Forget about the buckets of fake blood and grand guignolesque buffooneries that characterized the musical productions of Cradle Of Filth and other pitiable cases; the universe of "Majestas Leprosus" moves between more refined and decadent coordinates: "Addiction", masterpiece of Abel Ferrara, where Vampirism is reread in a metropolitan key, a mirror of a society where pain and domination prevail, and "Nosferatu", by Murnau, the only one who managed to show the slow collapse of vital forces, contaminated by Evil.
If musically the album stays within typical Norwegian coordinates, linked to a darkthronian but decadent Raw Black Metal (even if supported by the best production Mutiilation ever enjoyed), it is the conceptual imagination that is entirely personal; this album is French from head to toe, full as it is of nineteenth-century reminiscences: Mutiilation (it would be more appropriate to speak in the singular, as it is now a one-man band) represents the dark side of bohemian life, the one hidden by the sparkling sequins of the Moulin Rouge, by the frenetic vitality of May in France: when these experiences turn for the worse, there we find Majestas Leprosus. Isn’t the name of the group, Mutiilation, already a concrete sign of the lack, of the deprivation of something vital, irreparably removed?

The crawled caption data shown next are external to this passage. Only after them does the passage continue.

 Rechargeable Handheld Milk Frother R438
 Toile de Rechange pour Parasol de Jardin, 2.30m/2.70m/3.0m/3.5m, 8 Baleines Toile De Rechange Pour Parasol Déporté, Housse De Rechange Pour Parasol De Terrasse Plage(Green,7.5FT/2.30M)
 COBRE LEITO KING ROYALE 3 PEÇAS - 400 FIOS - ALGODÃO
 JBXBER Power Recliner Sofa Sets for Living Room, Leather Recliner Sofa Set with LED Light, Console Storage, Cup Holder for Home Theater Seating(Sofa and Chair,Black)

The concept surrounding the compositions is divided into three acts, a slow descent through the aberrations of the mind, reflecting on the meaning of pain, both inflicted and experienced: this reflection will eventually lead to the choice between these two faces of Vampirism, which keeps alive and consumes at the same time. "Tormenting My Nights" clearly shows this thought gnawing at the mind, continuously, forcing the protagonist to stay awake: having reached such depths of spirit, man can only live alone, like a stray dog, continuing to harass others, and cursing himself for what he has become; between the verses, there are references to the musician’s personal life, ruined by the contact with hard drugs, repudiated by friends and other French musicians. I don’t know if he is aware of it, but the third song "Destroy Your Life For Satan" is centered on a very particular riff, based on the rapid repetition of chords, with a somewhat cheerful flavor, yet tainted by Roussel’s croaking voice: it feels like listening to a Jacques Brel song in Black Metal version, desperate and catchy at the same time.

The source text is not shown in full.